“Saya laki-laki yang tidak akan kalah dikeroyok di tengah padang yang luas,” pekik laki-laki bertelanjang dada dengan sarung merah bergaris hitam di panggung utama Jogja National Museum (JNM) dalam perhelatan Biennale Jogja XVI #6 Indonesia with Oceania.
Setelah dibuat gegap-gempita bersama musik hip-hop Itsmenach X Presiden Tidore, kini penonton tampak terpukau khusuk oleh pementasan Ikami Sulsel D.I.Y feat Kelompok 0 & 9.
Acara dimulai sejak pukul 14.00 WIB dengan menghadirkan enam kelompok performance, yakni Baswara, Bumi Risalah, IKMPHT Yogyakarta, IKAMI Sulsel feat 0&9, NTP, Milisi Yangere HIPMMU Bandung, dan Sanggar Lawamena IKMPMA D.I.Y.
Seusai tarian daerah Sulawesi Selatan yang dipersembahkan IKAMI Sulsel. Dua orang laki-laki mengenakan baju adat Makassar memperagakan adegan debus dengan menggoreskan mata badik ke bagian-bagian tubuhnya.

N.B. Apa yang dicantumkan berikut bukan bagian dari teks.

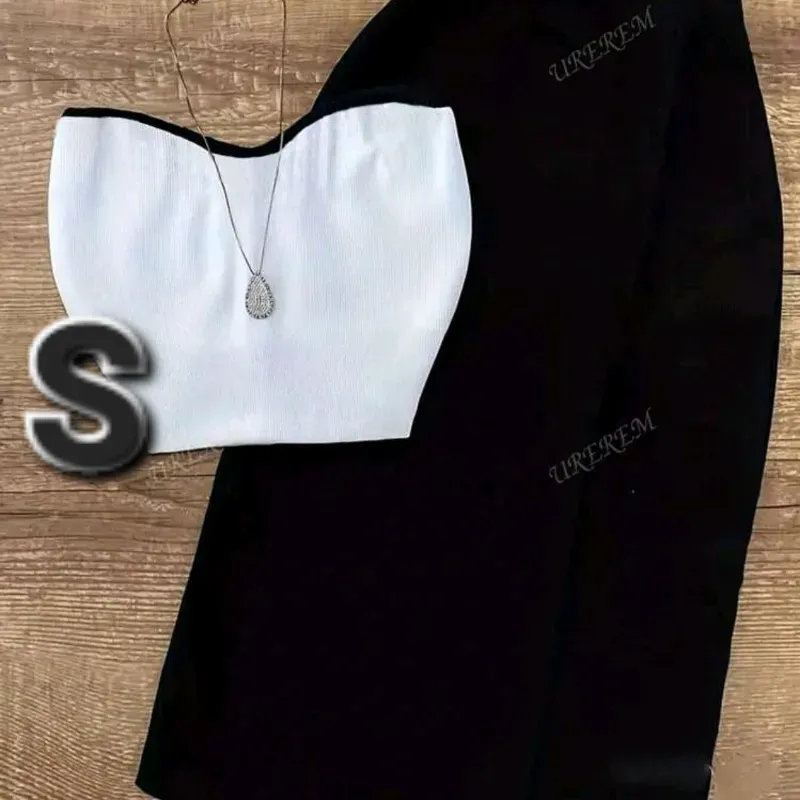 Conjunto de Saya y Top sin Manga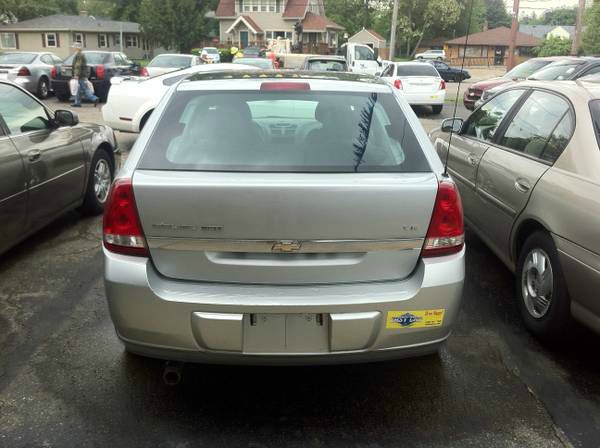 2005 Chevrolet Malibu Maxx Touring 4WD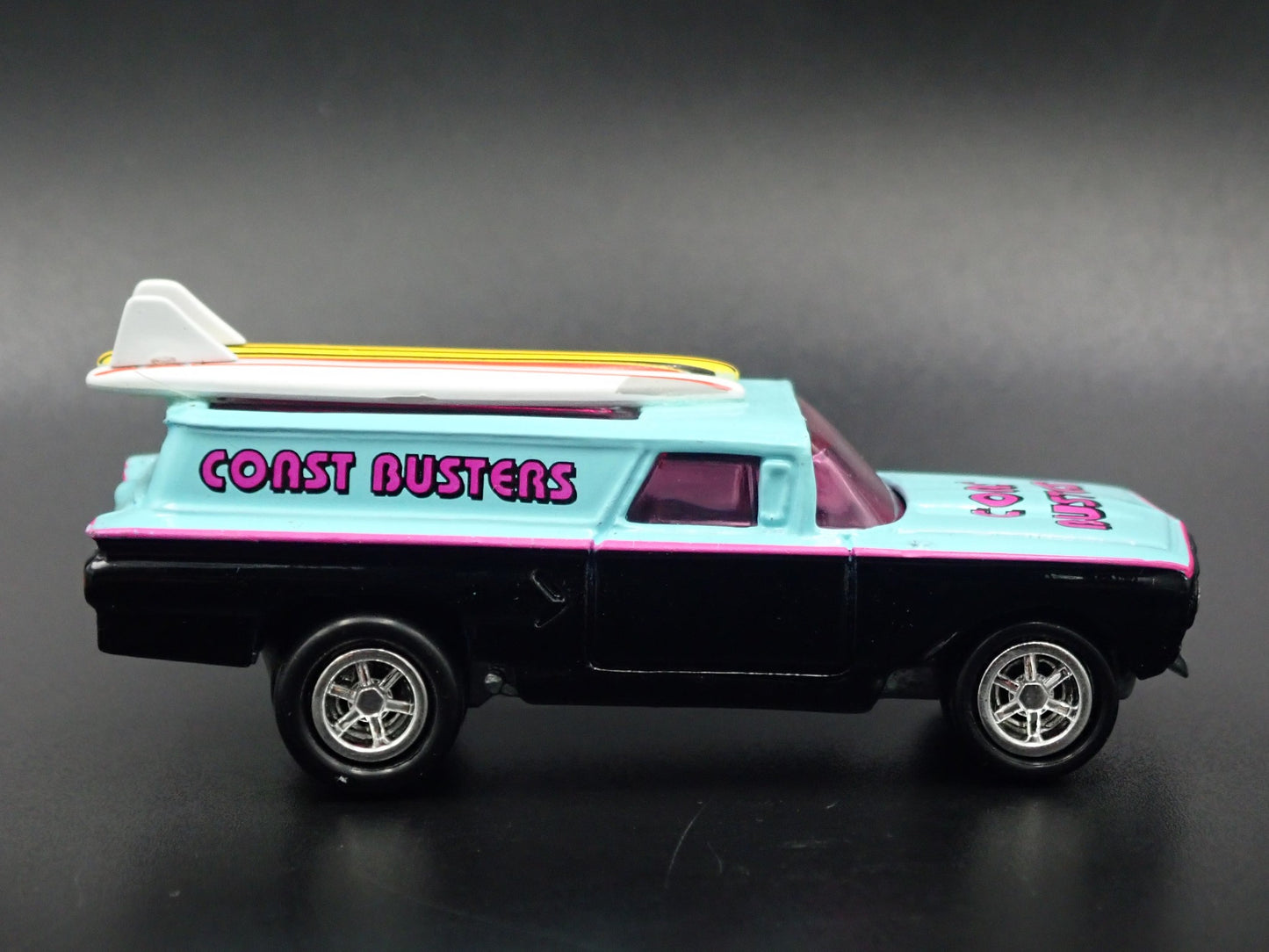 1960 60 CHEVY CHEVROLET PANEL WAGON SURF CUSTOM 1:64 SCALE DIECAST MODEL CAR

“… Demi rajaku yang kuhormati, demi penguasa tunggal tanah Bone. Maka semangatku telah menyeberang ke akhirat…” begitulah Ipang Sugali, salah satu penampil dari 0 & 9 membawakan janji Angngaru.
“Angngaru itu artinya sumpah prajurit kepada daerahnya, kepada rajanya,” ujar Ipang, salah satu panitia.
Lebih lanjut ia menerangkan bahwa sumpah itu juga menunjukkan laki-laki Bugis-Makassar harus berpegang teguh pada kata-katanya.
Di bagian penghujung pementasan, performance ditutup dengan tarung sarung Bugis, Sitobo Lalang Lipa, atau Sigajang Lalang Lipa. Pertarungan itu dilakukan oleh dua orang yang saling menikam di dalam sarung, sampai salah seorang di antaranya menemui ajal.
“Sitobo Lalang Lipa itu cara untuk menyelesaikan masalah di antara dua pria yang sudah tidak bisa diselesaikan dengan musyawarah,” kata Ipang menjelaskan tarung sarung dari kacamata budaya daerahnya.
Selain seluruh penampil, kebanyakan penonton juga berasal dari ikatan mahasiswa atau masyarakat Timur yang berada di Yogyakarta. Bukan cuma pesta atau pertunjukan kebudayaan, pentas ini merupakan wujud solidaritas dan persaudaraan di panggung seni.